En segundo lugar, mediante esta superchería, Israel se presenta pequeña, frágil, amenazada o, cuando menos, cuestionada a los ojos del mundo. Digámoslo claramente. Israel no está amenazada: tiene el quinto Ejército mejor armado del planeta y cuenta con el apoyo incondicional de Europa y EEUU. Pero es que ni siquiera puede decirse que nadie cuestione ya su existencia.
En los últimos años, el propio entorno árabe históricamente hostil, con sus teocracias y dictaduras, ha ido estableciendo lazos públicos con el Estado de Israel, incluyendo los diplomáticos, como en el caso de Emiratos, Marruecos y Sudán.
Aún más: desde el año 2017, cuando reformó su carta fundacional de 1988, incluso la organización islamista Hamas reconoce implícitamente su existencia al aceptar las fronteras de 1967. Estoy seguro de que casi todos los palestinos sueñan –mientras caen bombas sobre sus cabezas–con la desaparición de Israel, pero la mayor parte de ellos asumen de manera realista y resignada que nunca podrá restablecerse la situación territorial de 1917, fecha de la Declaración Balfour, o la de 1947, año de la partición de Palestina. Se conformarían con un pedacito de la tierra de sus antepasados donde poder construir sus casas sin temor a que se las derriben y con elegir un Gobierno propio sin temor a que los bombardeen.
«Derecho a existir»
En tercer lugar, por último, mediante la reivindicación trilera de su «derecho a existir», Israel no solo subraya su existencia, sino que afirma, como igualmente incuestionable, su régimen político fundacional. Quiero decir que esa fórmula evita que nos hagamos la pregunta decisiva: su derecho a existir, vale, pero a existir, ¿como qué? ¿Tenía derecho Sudáfrica a existir como un régimen racista de apartheid? ¿Tenían derecho Francia, Inglaterra, España a existir como imperios coloniales? ¿Tenía derecho Alemania a existir como Tercer Reich?
Por las mismas razones cabe preguntarse: ¿tiene Israel derecho a existir como un «Estado judío» sin fronteras reconocidas y basado en un proyecto esencialista, supremacista y colonial (el sionismo) que ha ignorado sesenta resoluciones de Naciones Unidas y viola sistemáticamente la legalidad internacional y el derecho humanitario? Como sabemos, algunas pocas voces dentro de Israel y muchos judíos en todo el mundo niegan la existencia de ese Israel en el que no se reconocen y que querrían refundar sobre cimientos realmente democráticos.
Israel, como casi todos los Estados, nació de manera violenta e injusta.
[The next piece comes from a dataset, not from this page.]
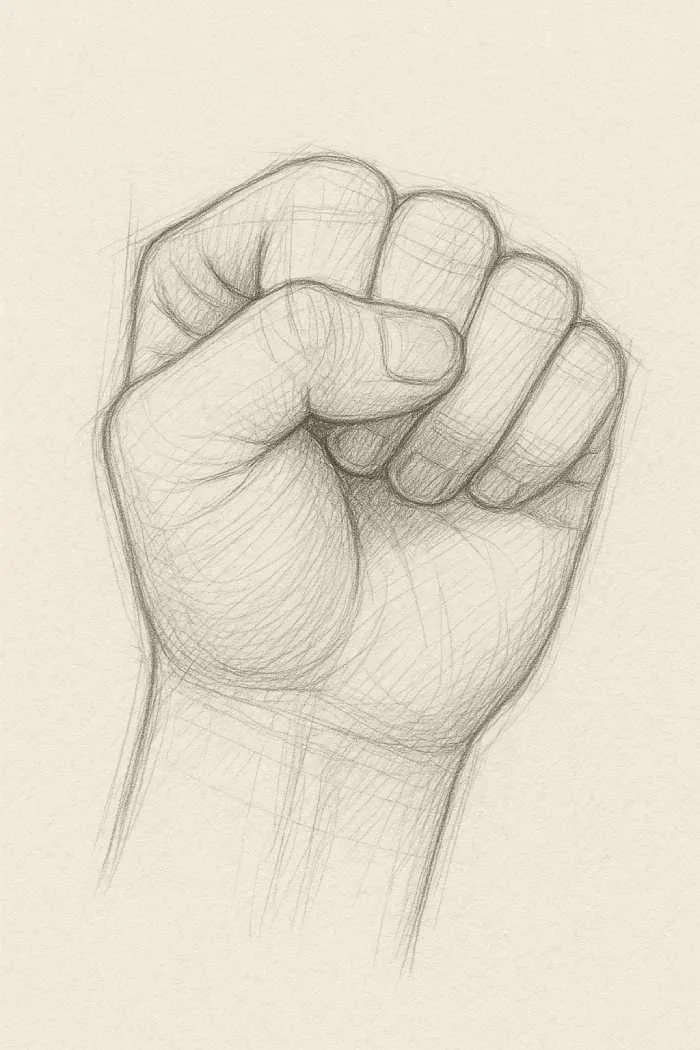 Closed hand or Fist, Simple Hand Drawing Ideas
Pero Israel, en todo caso, existe; existe, asimismo, un pueblo israelí; y solo podría negarse su existencia y restablecerse la justicia histórica introduciendo en la historia nuevas injusticias. Ni se puede ni se debe hacer.
Ahora bien, tenemos el derecho y la obligación de conocer esa historia, que es reciente e indisociable de la nuestra, pues de otra manera cedemos a la ilusión, como quiere Israel, de que la violencia comenzó el 7 de octubre y que todo lo que ocurrió después (¡el asesinato de cinco mil niños!) es una respuesta legítima a los ataques de Hamas.
Israel es el fruto y la prolongación colonial del antisemitismo europeo secular, que alternó siempre dos proyectos: uno de expulsión y otro de exterminio.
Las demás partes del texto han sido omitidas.